[Try it]: Pictures in the listing below are skipped, while the lines from the "Central Luxury Hạ" line through the "Used 2023 Land" line are returned word for word.

[Records for the task]:
──────────────────────────────

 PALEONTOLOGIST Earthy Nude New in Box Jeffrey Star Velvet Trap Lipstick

──────────────────────────────

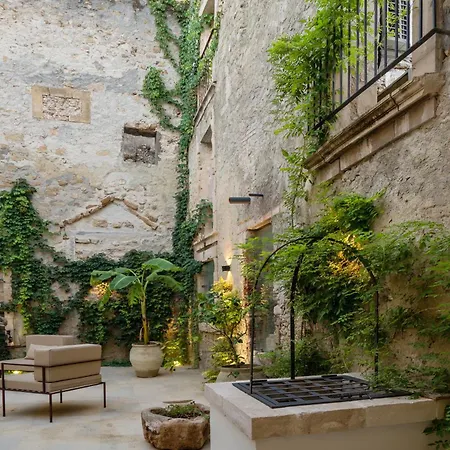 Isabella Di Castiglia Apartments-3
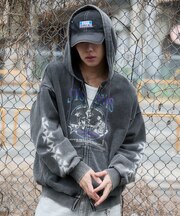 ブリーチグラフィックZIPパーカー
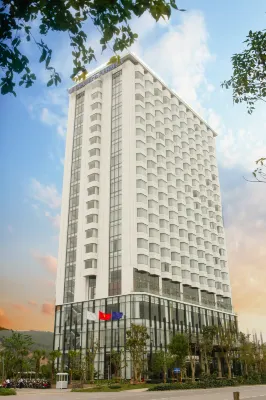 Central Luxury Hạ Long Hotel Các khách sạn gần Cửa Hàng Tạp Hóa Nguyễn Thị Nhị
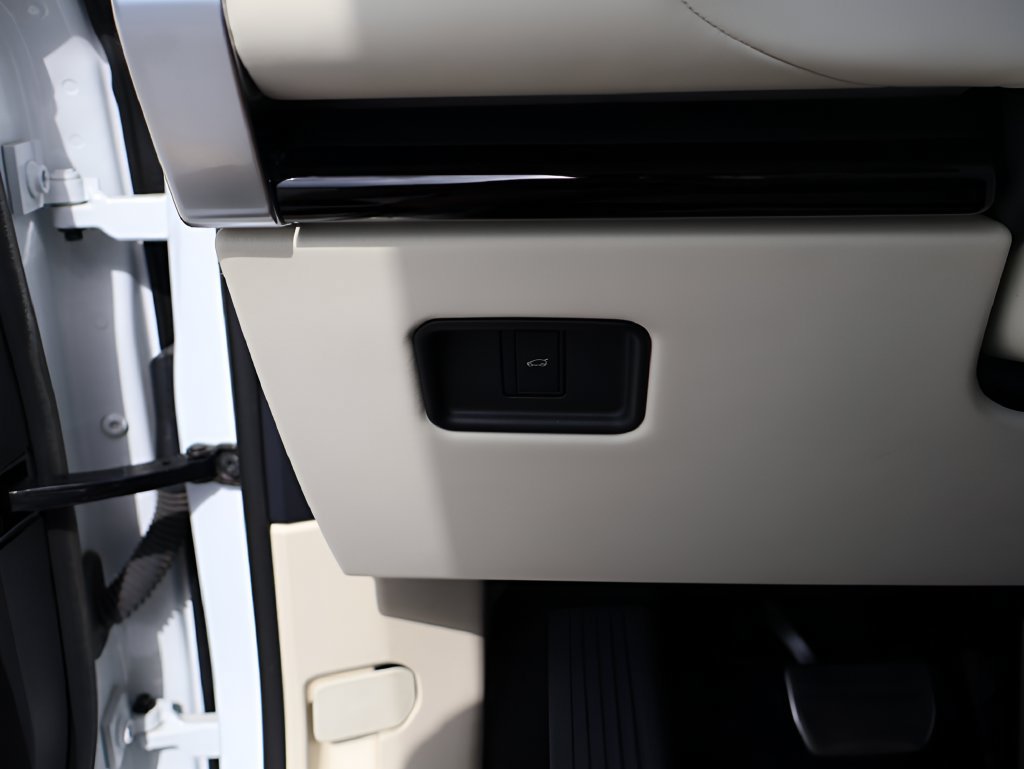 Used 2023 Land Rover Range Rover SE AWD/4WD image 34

──────────────────────────────

[Reply]:
 Central Luxury Hạ Long Hotel Các khách sạn gần Cửa Hàng Tạp Hóa Nguyễn Thị Nhị
 Used 2023 Land Rover Range Rover SE AWD/4WD image 34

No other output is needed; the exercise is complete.